See the shower puff innocently trapped waiting to be rescued?  Notice how cautiously Trillian is climbing the chair?   Children NEED opportunities to assess risk, and to use caution. 
It is important to note that Trillian is a wee one.  He is vertically challenged.  I didn't think there was a remote chance that he would be successful, BUT....I wanted him to have an opportunity to FAIL and practice handling failure.  I wanted him to have an opportunity to ASK FOR WHAT HE NEEDS, which I was certain was going to be help.

To my suprise, upon the first "gentle" whack of the harmless block, he made contact with the shower puff and it MOVED!!  Trillian was ELATED!  "I'M DOING IT NITA!" he exclaimed!  He hopped down to regain his balance, and mounted the chair again.

Trillian demonstrated grand balancing skills and had the opportunity to feel both success and failure during his attempt to solve his problem.
The second time he climbed on the chair, he realized the shower puff had moved far enough towards the exit from the hammock, that he could no longer reach it.  He failed.  Without skipping a beat, Trillian hopped down and scooted his chair over, climbed back up, "whack"....and the joy of success was his AGAIN!

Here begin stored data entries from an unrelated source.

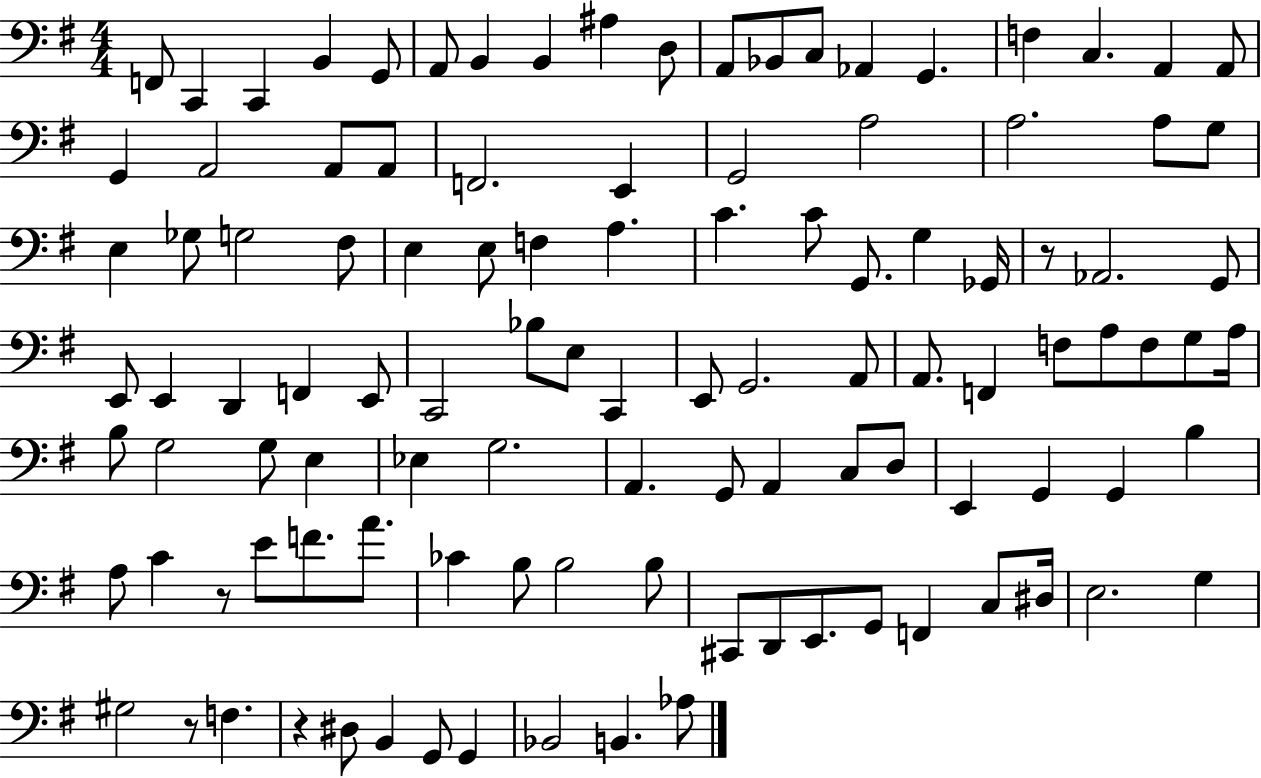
F2/e C2/q C2/q B2/q G2/e A2/e B2/q B2/q A#3/q D3/e A2/e Bb2/e C3/e Ab2/q G2/q. F3/q C3/q. A2/q A2/e G2/q A2/h A2/e A2/e F2/h. E2/q G2/h A3/h A3/h. A3/e G3/e E3/q Gb3/e G3/h F#3/e E3/q E3/e F3/q A3/q. C4/q. C4/e G2/e. G3/q Gb2/s R/e Ab2/h. G2/e E2/e E2/q D2/q F2/q E2/e C2/h Bb3/e E3/e C2/q E2/e G2/h. A2/e A2/e. F2/q F3/e A3/e F3/e G3/e A3/s B3/e G3/h G3/e E3/q Eb3/q G3/h. A2/q. G2/e A2/q C3/e D3/e E2/q G2/q G2/q B3/q A3/e C4/q R/e E4/e F4/e. A4/e. CES4/q B3/e B3/h B3/e C#2/e D2/e E2/e. G2/e F2/q C3/e D#3/s E3/h. G3/q G#3/h R/e F3/q. R/q D#3/e B2/q G2/e G2/q Bb2/h B2/q. Ab3/e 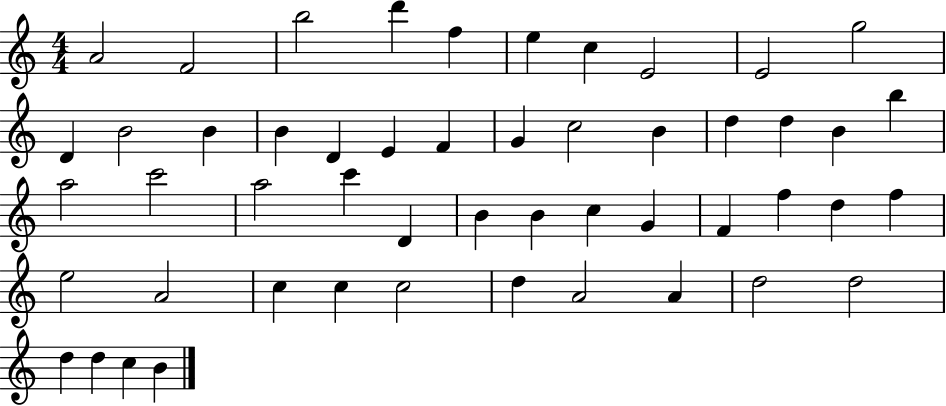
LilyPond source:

{
  \clef treble
  \numericTimeSignature
  \time 4/4
  \key c \major
  a'2 f'2 | b''2 d'''4 f''4 | e''4 c''4 e'2 | e'2 g''2 | \break d'4 b'2 b'4 | b'4 d'4 e'4 f'4 | g'4 c''2 b'4 | d''4 d''4 b'4 b''4 | \break a''2 c'''2 | a''2 c'''4 d'4 | b'4 b'4 c''4 g'4 | f'4 f''4 d''4 f''4 | \break e''2 a'2 | c''4 c''4 c''2 | d''4 a'2 a'4 | d''2 d''2 | \break d''4 d''4 c''4 b'4 | \bar "|."
} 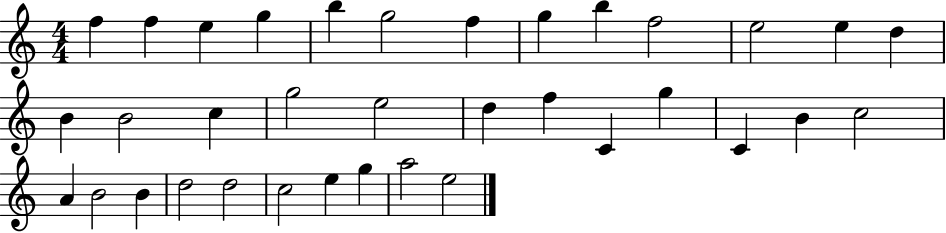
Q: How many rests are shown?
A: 0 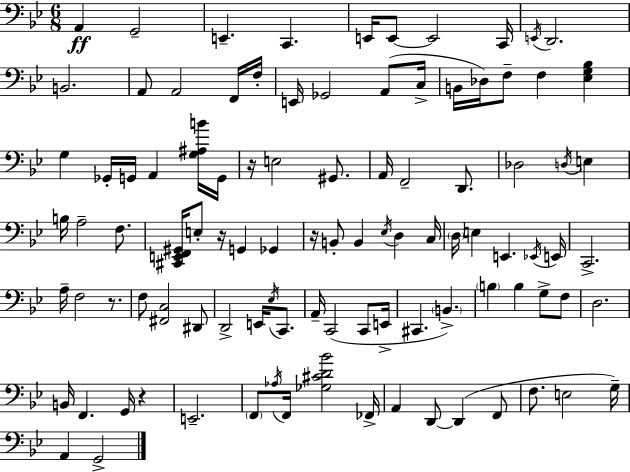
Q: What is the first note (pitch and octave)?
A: A2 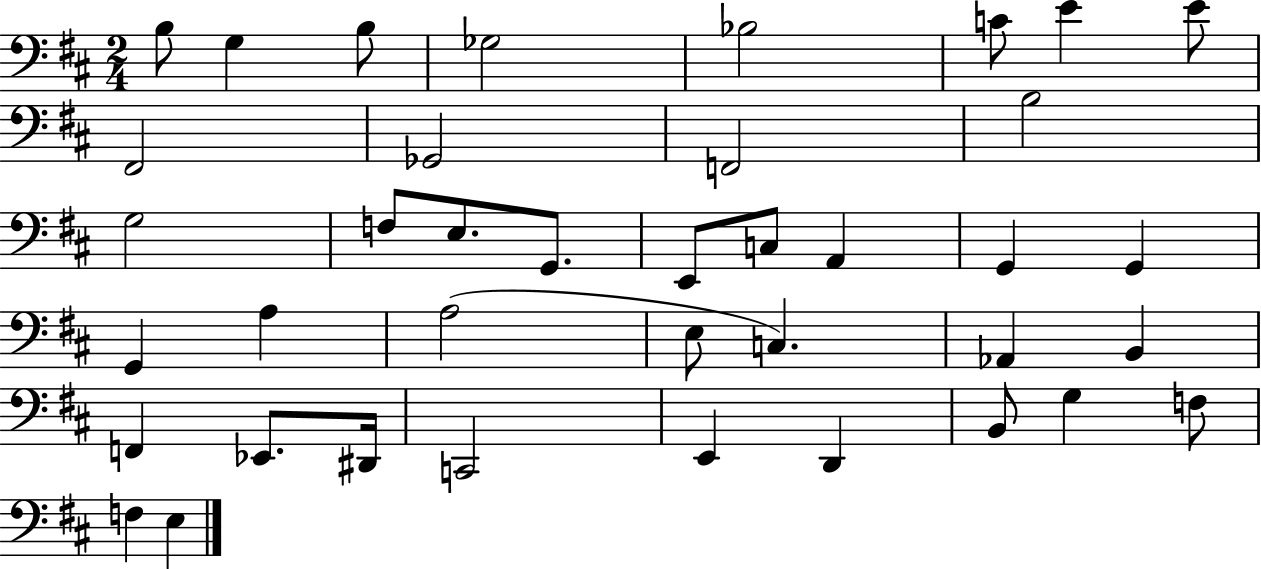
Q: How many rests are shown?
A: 0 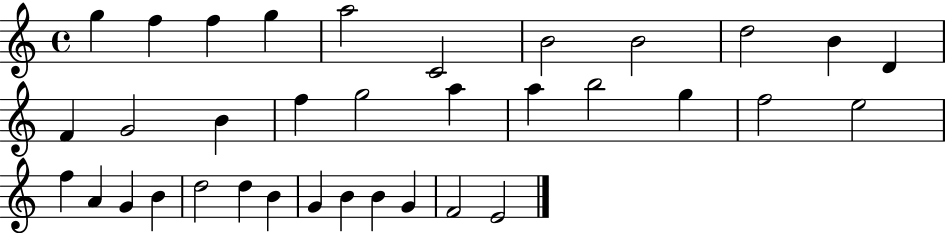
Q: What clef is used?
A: treble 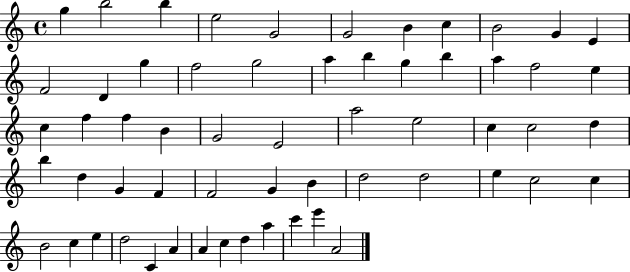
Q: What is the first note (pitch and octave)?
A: G5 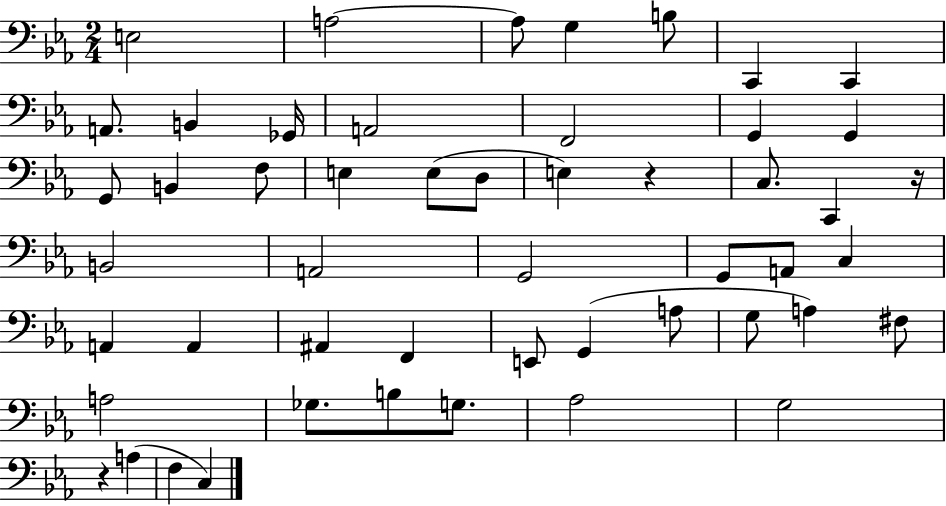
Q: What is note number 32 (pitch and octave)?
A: A#2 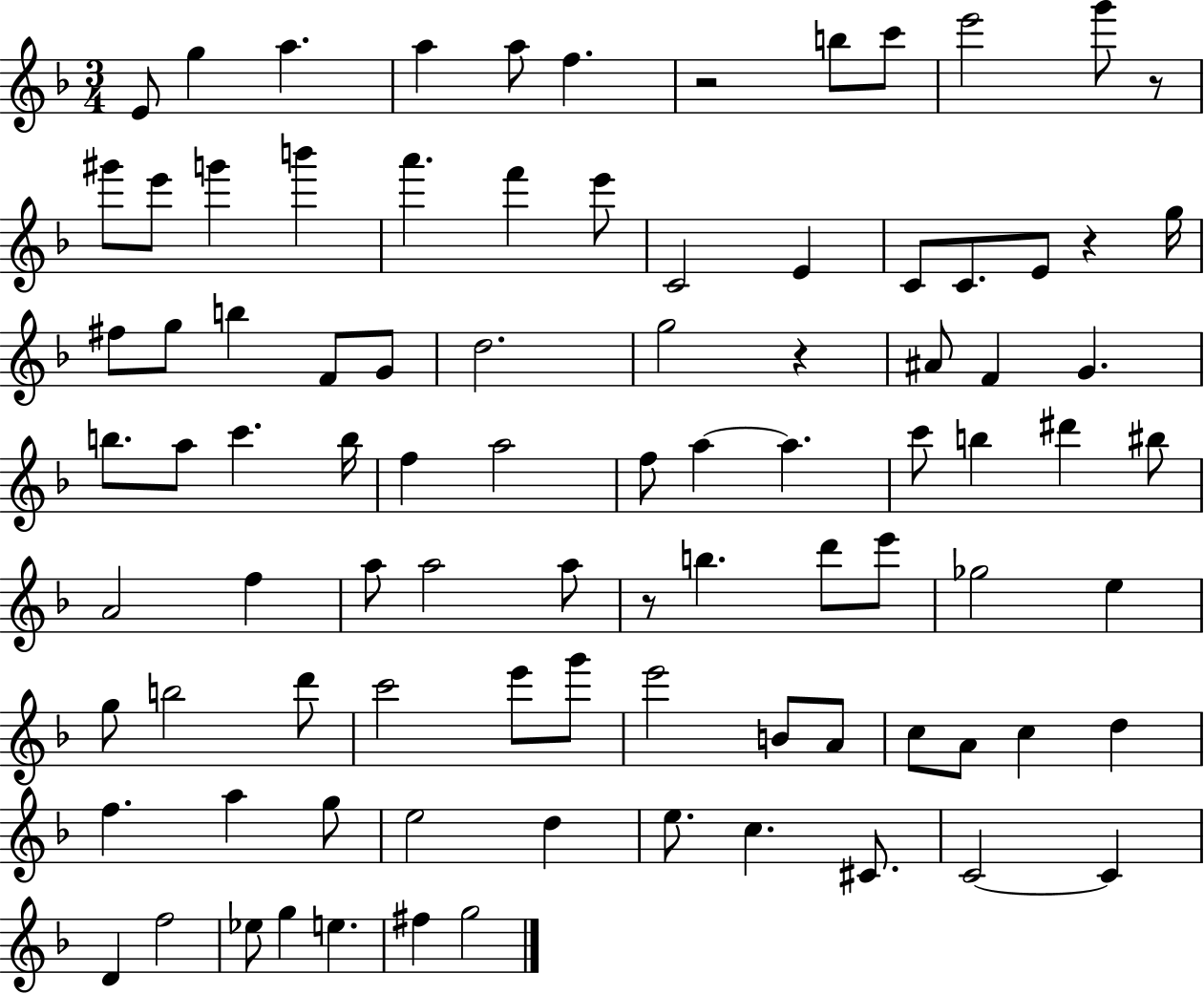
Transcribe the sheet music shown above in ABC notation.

X:1
T:Untitled
M:3/4
L:1/4
K:F
E/2 g a a a/2 f z2 b/2 c'/2 e'2 g'/2 z/2 ^g'/2 e'/2 g' b' a' f' e'/2 C2 E C/2 C/2 E/2 z g/4 ^f/2 g/2 b F/2 G/2 d2 g2 z ^A/2 F G b/2 a/2 c' b/4 f a2 f/2 a a c'/2 b ^d' ^b/2 A2 f a/2 a2 a/2 z/2 b d'/2 e'/2 _g2 e g/2 b2 d'/2 c'2 e'/2 g'/2 e'2 B/2 A/2 c/2 A/2 c d f a g/2 e2 d e/2 c ^C/2 C2 C D f2 _e/2 g e ^f g2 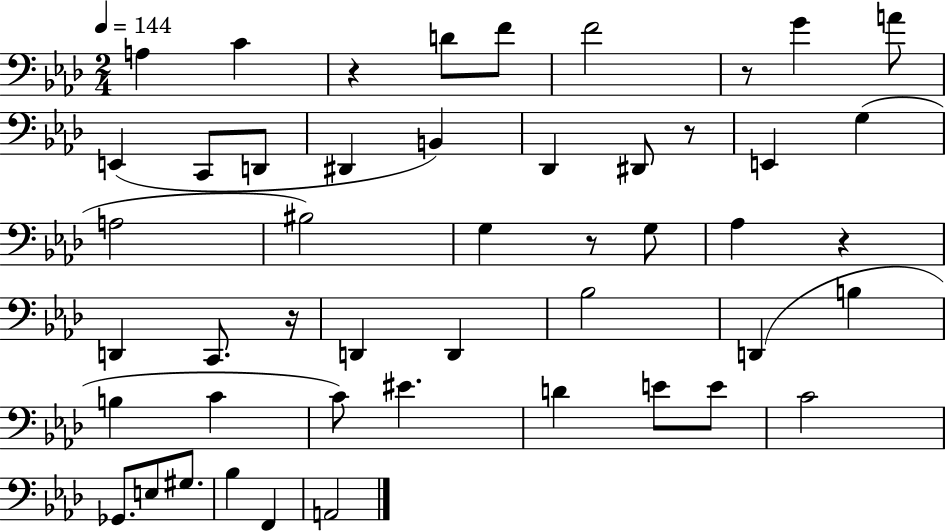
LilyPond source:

{
  \clef bass
  \numericTimeSignature
  \time 2/4
  \key aes \major
  \tempo 4 = 144
  a4 c'4 | r4 d'8 f'8 | f'2 | r8 g'4 a'8 | \break e,4( c,8 d,8 | dis,4 b,4) | des,4 dis,8 r8 | e,4 g4( | \break a2 | bis2) | g4 r8 g8 | aes4 r4 | \break d,4 c,8. r16 | d,4 d,4 | bes2 | d,4( b4 | \break b4 c'4 | c'8) eis'4. | d'4 e'8 e'8 | c'2 | \break ges,8. e8 gis8. | bes4 f,4 | a,2 | \bar "|."
} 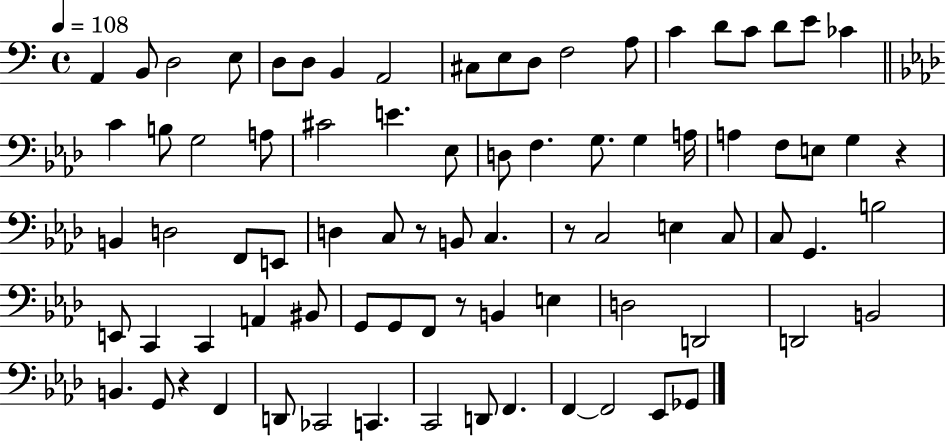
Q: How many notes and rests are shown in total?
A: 81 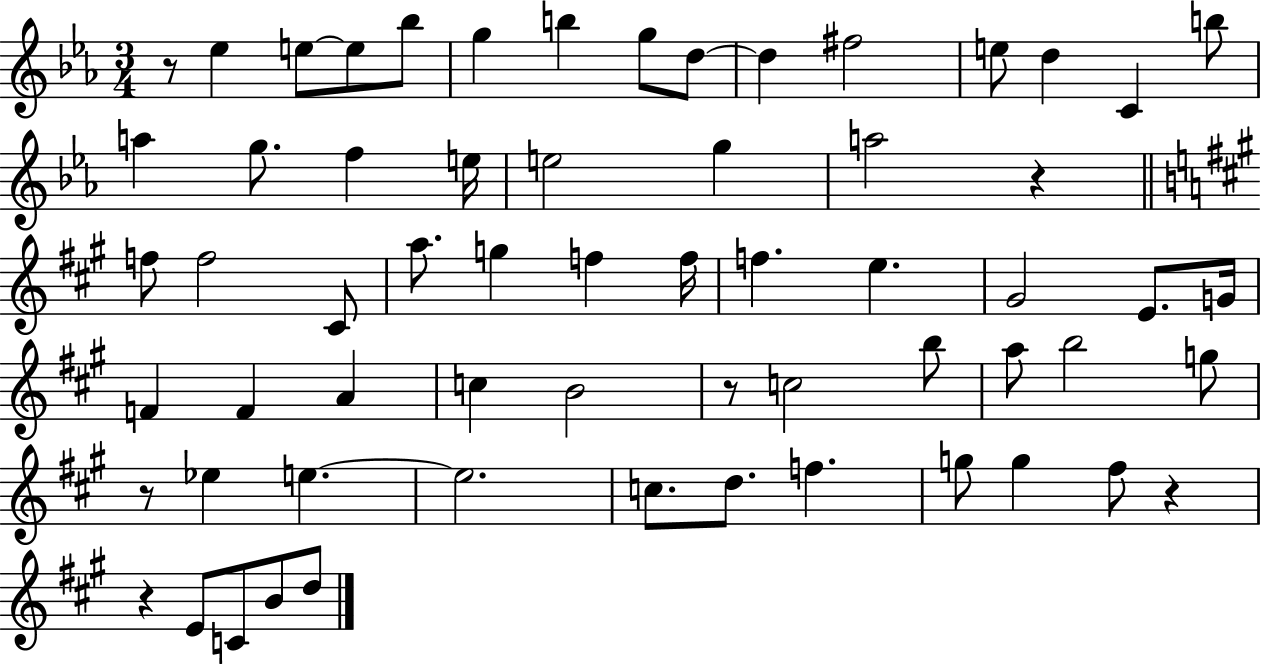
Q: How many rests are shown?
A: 6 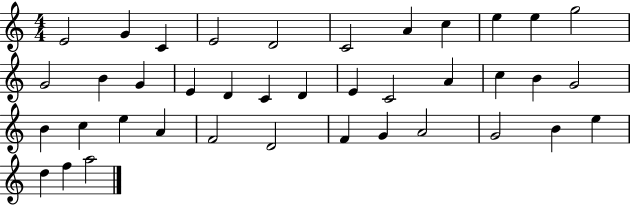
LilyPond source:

{
  \clef treble
  \numericTimeSignature
  \time 4/4
  \key c \major
  e'2 g'4 c'4 | e'2 d'2 | c'2 a'4 c''4 | e''4 e''4 g''2 | \break g'2 b'4 g'4 | e'4 d'4 c'4 d'4 | e'4 c'2 a'4 | c''4 b'4 g'2 | \break b'4 c''4 e''4 a'4 | f'2 d'2 | f'4 g'4 a'2 | g'2 b'4 e''4 | \break d''4 f''4 a''2 | \bar "|."
} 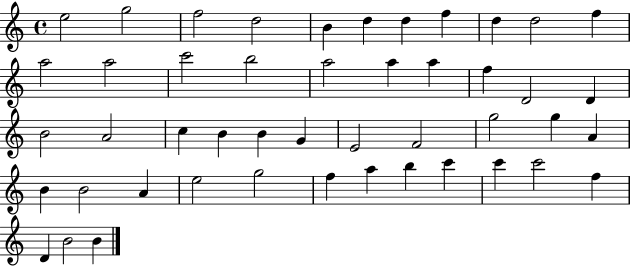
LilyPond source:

{
  \clef treble
  \time 4/4
  \defaultTimeSignature
  \key c \major
  e''2 g''2 | f''2 d''2 | b'4 d''4 d''4 f''4 | d''4 d''2 f''4 | \break a''2 a''2 | c'''2 b''2 | a''2 a''4 a''4 | f''4 d'2 d'4 | \break b'2 a'2 | c''4 b'4 b'4 g'4 | e'2 f'2 | g''2 g''4 a'4 | \break b'4 b'2 a'4 | e''2 g''2 | f''4 a''4 b''4 c'''4 | c'''4 c'''2 f''4 | \break d'4 b'2 b'4 | \bar "|."
} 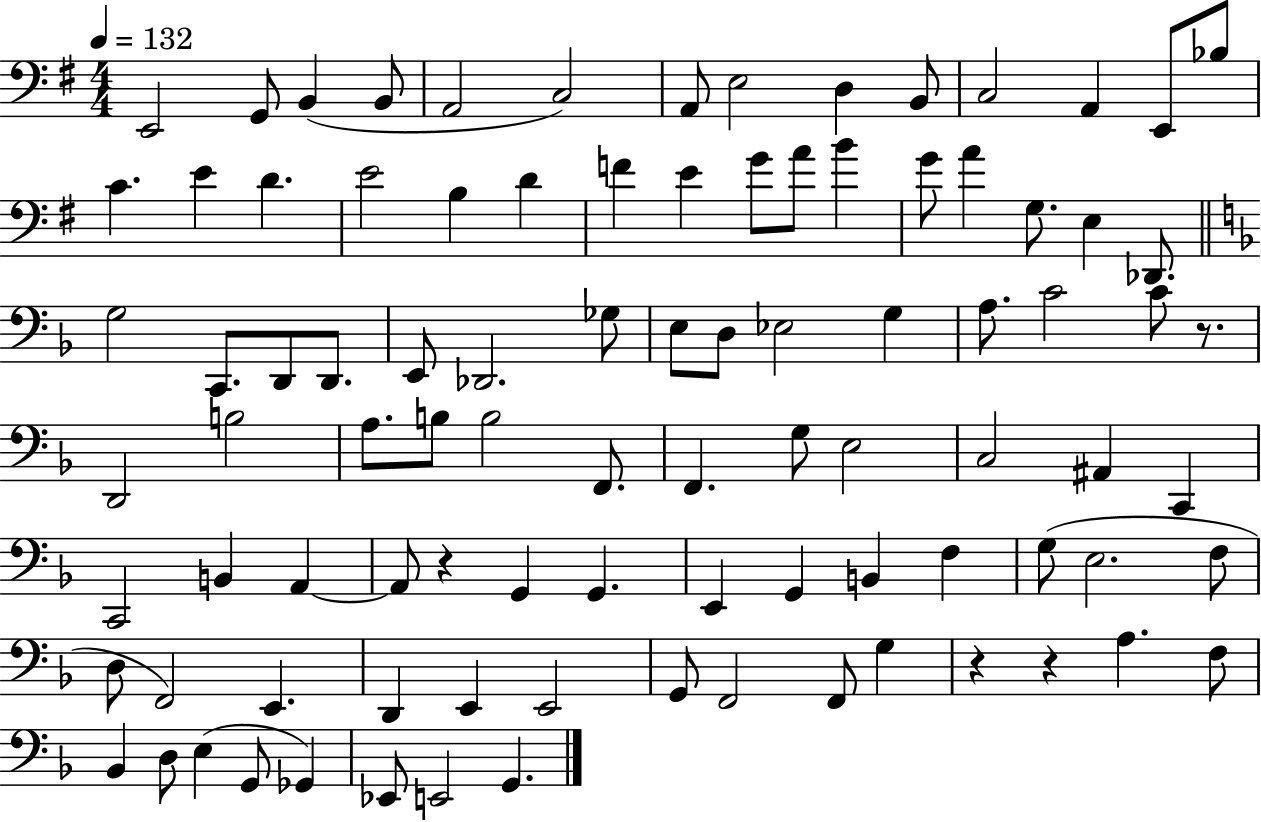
E2/h G2/e B2/q B2/e A2/h C3/h A2/e E3/h D3/q B2/e C3/h A2/q E2/e Bb3/e C4/q. E4/q D4/q. E4/h B3/q D4/q F4/q E4/q G4/e A4/e B4/q G4/e A4/q G3/e. E3/q Db2/e. G3/h C2/e. D2/e D2/e. E2/e Db2/h. Gb3/e E3/e D3/e Eb3/h G3/q A3/e. C4/h C4/e R/e. D2/h B3/h A3/e. B3/e B3/h F2/e. F2/q. G3/e E3/h C3/h A#2/q C2/q C2/h B2/q A2/q A2/e R/q G2/q G2/q. E2/q G2/q B2/q F3/q G3/e E3/h. F3/e D3/e F2/h E2/q. D2/q E2/q E2/h G2/e F2/h F2/e G3/q R/q R/q A3/q. F3/e Bb2/q D3/e E3/q G2/e Gb2/q Eb2/e E2/h G2/q.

This process was continued again and again.  Fail....scoot the chair...success.  Fail....scoot the chair...success.  Until FINALLY.... HE DID IT!

This is the look of a child who just experienced SUCCESS.  He not only experienced it...he OWNED it.  We adults tend to get over protective and step in and "SAVE" children when they are struggling.  It's moments like that when we need to closely observe, offer encouragment...and then BUTT OUT.  Let children struggle.  Let them fail.  Let them OWN their own success!  Had I stepped in and done it for him... I would not have this picture to share, and he would not have felt the joy that accompanies hard-earned success!

Meanwhile all of this was going on, unbeknownst to us, someone was watching...and learning:

Mr. "Monkey-See, Monkey-Do"
About an hour after Trillian solved the problem he created with the bathroom puff, I witnessed the above picture.  Bronx learned how to solve a problem by watching Trillian. He gathered all the same materials that were involved in Trillians experience and climbed on the chair.  The funny part was, he didn't know what to do once he was on there.  He stopped.  Looked at the items in his hand, then carefully climbed back down.  This pic is of the climbing down portion (this is why I should NEVER set my camera down.. I miss stuff. I'm just glad I caught this much!)

The End (insert curtain closing...applause)

Why did I feel the need to share this little tale with you all?  What is my purpose here? 

There are many:

1)  Encourage young children to solve problems....it's empowering.
2)  Encourage young children to have a plan and share it with you....it's empowering.
3)  TRUST young children to assess risk and use caution...it's empowering.
4)  Encourage young children to try.....it's empowering.
5)  Let children fail......it's empowering.
6)  Let children struggle....it's empowering.
7)  Let children ask for what they need, instead of stepping in and helping them without an invitation....it's empowering.
8)  Let children own success....it's empowering.

So, in nutshell...this post is all about empowering young children!